To decant a wine like this you need to plan ahead. If the bottle is resting horizontally in the rack, place it upright for 48 hours in a quiet room to allow the sediment to reach the bottom. When pouring the wine into the decanter do it slowly and place a source of light such as a candle behind the neck of the bottle so you can see through. You should stop pouring the moment you see the sediment gathering at the neck. There will still be some wine leftover in the bottle but a worthy price to pay to get rid of those ugly dregs.
This is when decanting your wine gets trickier. The purpose of aeration is to let the wine breathe, and with that I mean, to leave the wine in contact with oxygen. We want to allow as much wine to be in contact with the air as possible, which is why a good wine decanter has a wide base. But how do you know when a wine needs aeration? Well, the truth is not even wine experts can agree on this. At the end of the day, it’s a matter of personal taste.
The science behind decanting is, fortunately, easy to make sense of. When oxygen interacts with the compounds found in wine, change, and become softer. If there are some volatile compounds which give an unpleasant smell, these should evaporate too.

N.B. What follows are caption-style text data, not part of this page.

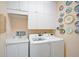 Laundry room with white cabinets, double LG washer and dryer at 7157 Del Lago Dr, Sarasota, FL 34238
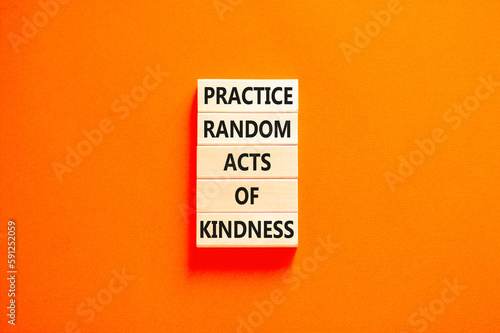 Practice random kind of kindness symbol. Concept words Practice random kind of kindness on wooden block. Beautiful orange table orange background. Business practice kindness concept. Copy space.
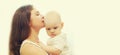 Portrait close up of happy mother kissing her cute baby over a w Royalty Free Stock Photo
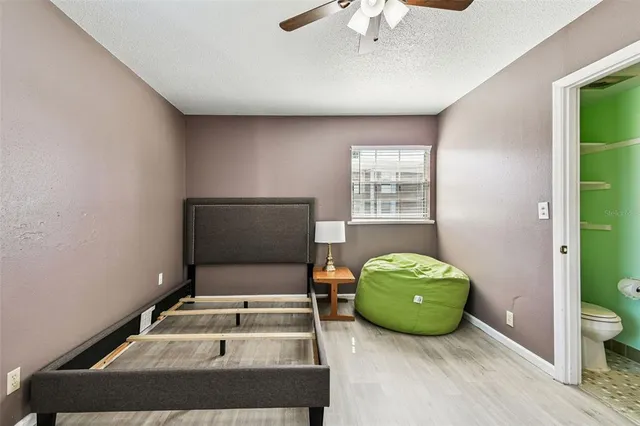 a room with furniture and a flat screen tv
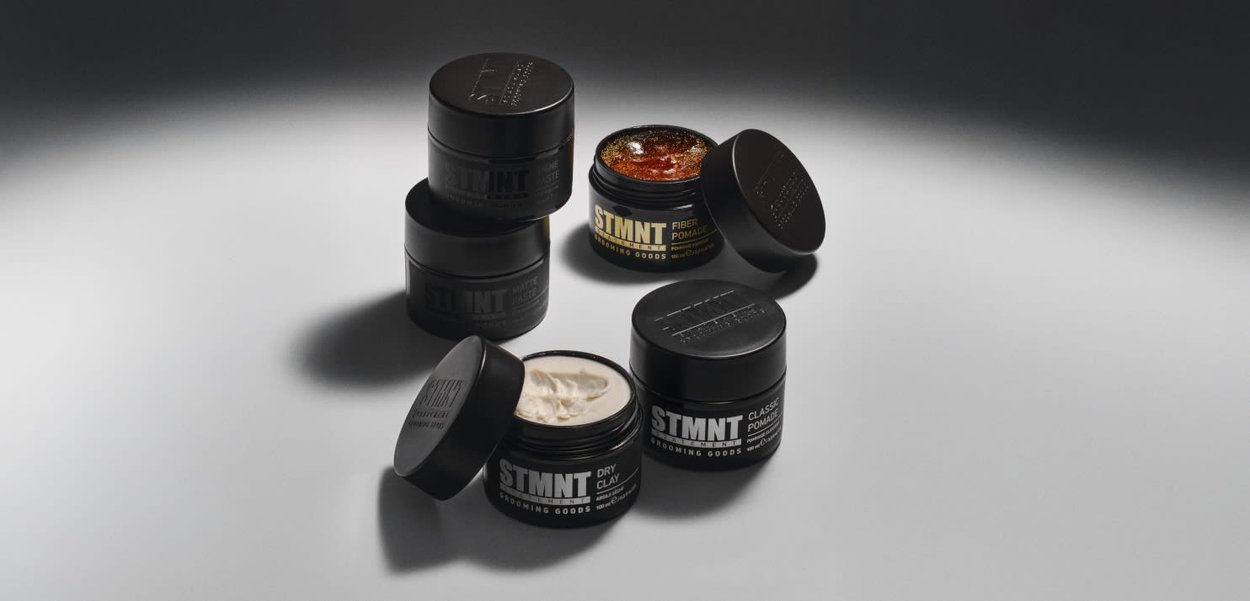 Fünf schwarze zylindrische Dosen mit Haarpflegeprodukten und markanten Etiketten. Deckel sind mit matter Textur und glänzenden Oberflächen versehen; Inhalt variiert in Farbe und Konsistenz.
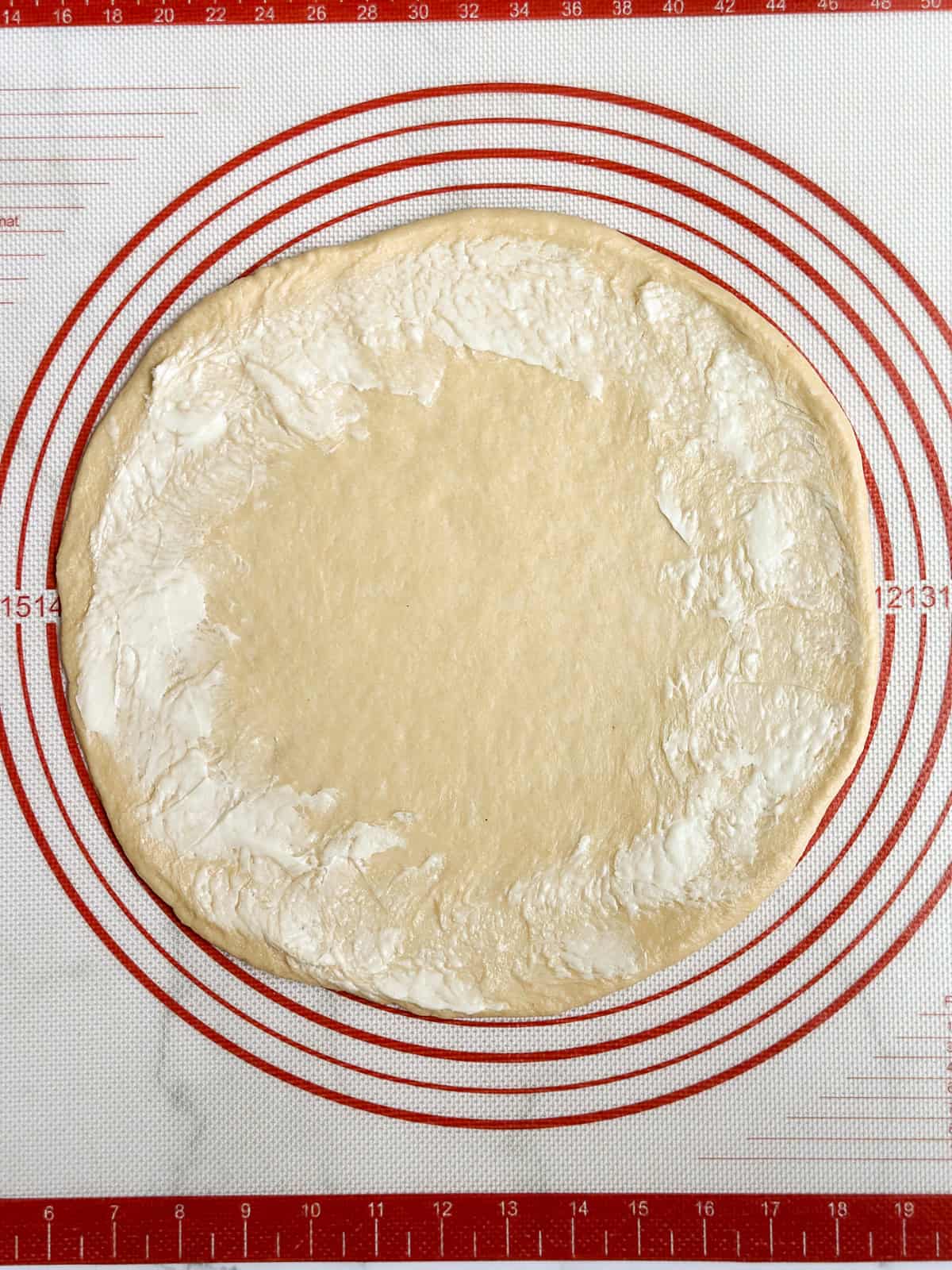 butter around the edge of the circle.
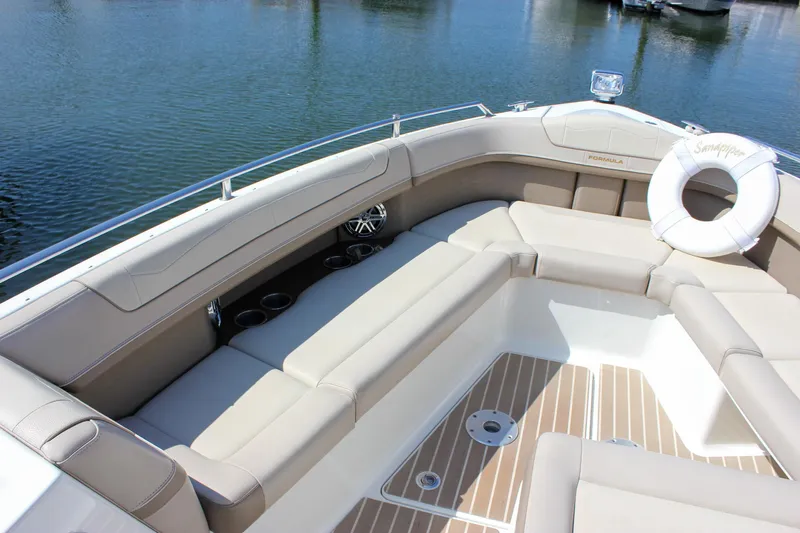  Yacht Photos Pics Luxurious seating area on a 2017 Formula 350 CBR boat, featuring beige upholstery and cup holders.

As a rule of thumb, young red wines, especially those that are full-bodied, can benefit from aeration in a decanter to soften aggressive tannins. Wines that are acidic or high in alcohol can mellow too. Natural wines, those with little intervention during the winemaking process and which have little or no added sulphur, can smell funky, so decanting will help dissipate these aromas.
In my opinion, if you’re in doubt, decant. There’s no harm in doing so unless it’s a bottle of old and fragile wine. The time a wine must be decanted for can’t be generalised and can only be guessed. Before decanting taste the wine from the bottle and if you’re happy, don’t decant. If you think the wine is not at its best, decant for 30 minutes and taste again. If you’re still unhappy, wait for another 30 minutes. Some wines might need a longer time to breathe, but tasting its evolution over time is part of the magic of drinking wine, so enjoy it!
Wine served in a decanter might be easier and safer to pour from so your tablecloth will surely appreciate it. If you’re throwing a dinner party with friends I suggest you also leave the empty bottle on the table so that everyone can see and take note of what they’re drinking.